Radical, intègre, dur à la tâche et avec les hommes, à 58 ans le fondateur du Théâtre équestre Zingaro ne mâche toujours pas ses mots. Mais ménage ses chevaux... Bartabas est l'invité de “Télérama” cette semaine.

Par Propos recueillis par Emmanuel Tellier

Publié le 01 décembre 2015 à 16h30

Mis à jour le 08 décembre 2020 à 06h03

Avec On achève bien les anges (élégies), son nouveau spectacle donné au fort d'Aubervilliers après sa création, en juin dernier, au festival Les Nuits de Fourvières, à Lyon, c'est un Bartabas en grande forme et inspiré que l'on ­retrouve au centre de sa troupe, Zingaro. Il est de retour sur scène après plus de mille représentations où il ­n'apparaissait qu'à la fin pour saluer, exilé volontaire de son beau théâtre d'images. A 58 ans, l'éloquent maître du cirque équestre n'en finit pas d'étonner. On pourrait ­l'imaginer rangé des roulottes, apaisé par trente années de ­succès renouvelés avec Zingaro. Mais s'il a choisi les ­musiques de Tom Waits, ce cousin d'Amérique dont il partage le goût et l'art du rock'n'roll cabossé et céleste, c'est pour réaffirmer son envie d'en découdre. Artiste total et radical, plus que jamais.
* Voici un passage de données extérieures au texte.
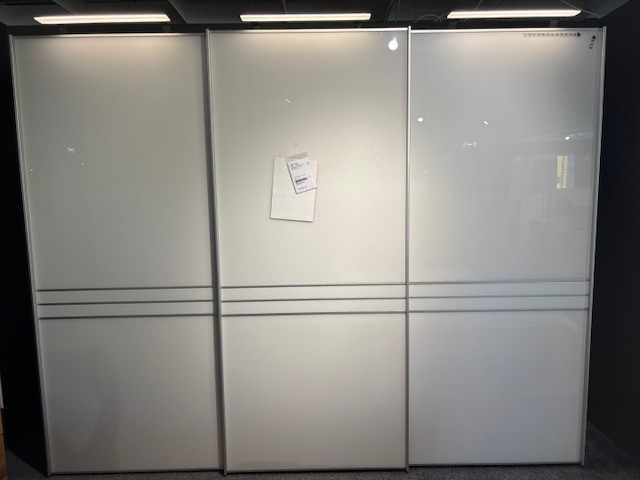 Schwebetürenschrank System One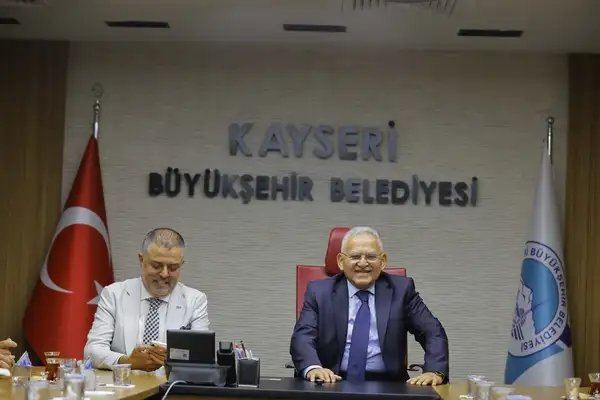 Başkan Büyükkılıç, Erbil heyetiyle ticari ilişkileri görüştü
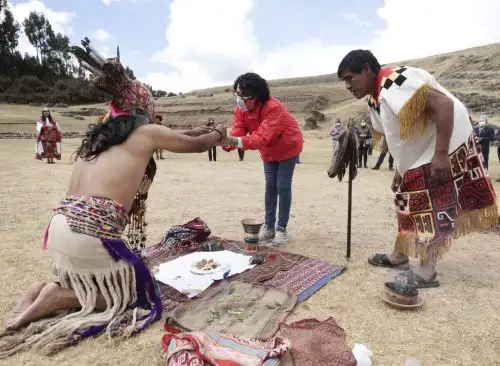 Viceministra de Patrimonio Cultural e Industrias Culturales, Leslie Urteaga, encabeza la delegación del Ministerio de Cultura que visita Cusco para evaluar las condiciones para las visitas turísticas a Machu Picchu. ANDINA/Difusión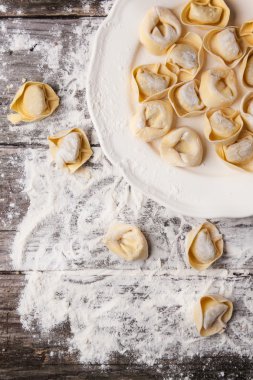 üzerine unu makarna mantı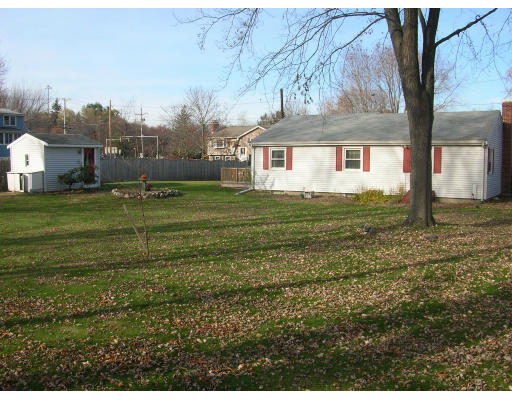 8 Frances Road Burlington, MA 01803 - Photo 7 of 7 Gallery Image 7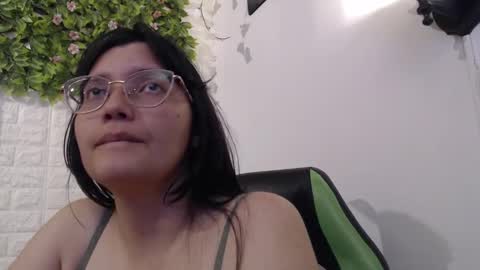 Snapshot of we_n_you chatting on 02-18-25, 01:54 Trixie 3 online show from 02-18-25, 01:54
Tous ceux qui vous accompagnent signent sans problème pour cette vie radicale ?

Bosser chez Zingaro, c'est un engagement. Il y a un décalage énorme entre le prestige du nom et la réalité des faits : imaginez la tête d'un comptable qui réalise qu'il va bosser dans un ­Algeco… Donc c'est dur, mais on le sait quand on démarre. L'argent gagné, nous le mettons dans le moteur créatif : les chevaux, les artistes, les techniciens. Mais jamais dans notre confort. La différence entre les hommes et les chevaux, c'est que nous, nous avons choisi d'être là. Eux pas. C'est pour ça qu'ils sont au centre de toutes nos attentions. Le rythme des spectacles, c'est eux qui nous le dictent : cinq représentations par semaine, jamais deux par jour. L'intégrité du cheval prime toujours. Ce qu'on fait, ce n'est pas du sport. Il ne faut jamais pousser un animal dans ses retranchements ; au contraire, il faut le faire évoluer au maximum à 50 % de ses possibilités si on veut qu'il fasse toute la saison. Le dépassement de soi en tant qu'artiste, je veux bien. Mais des chevaux, jamais.
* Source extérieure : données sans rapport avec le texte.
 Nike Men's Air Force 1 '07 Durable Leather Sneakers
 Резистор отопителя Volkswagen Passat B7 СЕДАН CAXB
“Ma relation intime au cheval, je ne peux la décrire avec des mots, mais Alain Cavalier lui, arrive à la montrer, et c'est très beau…”

Votre image de type rugueux semble vous peser davantage désormais.…
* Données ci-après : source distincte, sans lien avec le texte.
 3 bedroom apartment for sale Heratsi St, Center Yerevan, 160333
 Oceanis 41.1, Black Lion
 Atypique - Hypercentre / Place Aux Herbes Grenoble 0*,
Je vis avec… Mais elle est frustrante parce qu'elle occulte l'essentiel de mon travail, qui repose au contraire sur la patience, sur la durée dans le temps, la longue préparation de chaque spectacle… Le travail des chevaux, c'est quelque chose de très solitaire. Et donc je le suis beaucoup plus que ce que les gens pensent. C'est pour ça que j'adore le film d'Alain Cavalier, Le Caravage, qui nous est consacré. Il a réussi à saisir quelque chose de l'ordre de l'indicible. Ma relation intime au cheval, je ne peux la décrire avec des mots, mais lui arrive à la montrer, et c'est beau… Son film met en images certains des éléments essentiels qui « font » Zingaro jour après jour.

Quels sont-ils, ces éléments qui continuent à « faire » Zingaro, trente ans après sa création ?

En premier lieu, il y a le rapport à un temps qui est celui de nos créations, toujours distantes de deux ans et demi. Ce rythme lent, les chevaux l'imposent, tout comme les réalités économiques. Artistiquement et philosophiquement, il me convient très bien. C'était le rythme de sortie des films de Fellini, que j'adorais. Tous les deux ou trois ans, on allait au cinéma voir le nouveau Fellini comme si on se rendait chez un vieil ami pour prendre de ses nouvelles. Les gens nous disent la même chose de Zingaro – et je suis fier de cette fidélité. C'est ça qui justifie l'engagement d'une vie ; c'est cette continuité, cette écriture d'une relation – avec notre public comme avec les chevaux et les hommes avec qui je travaille – sur le très long terme.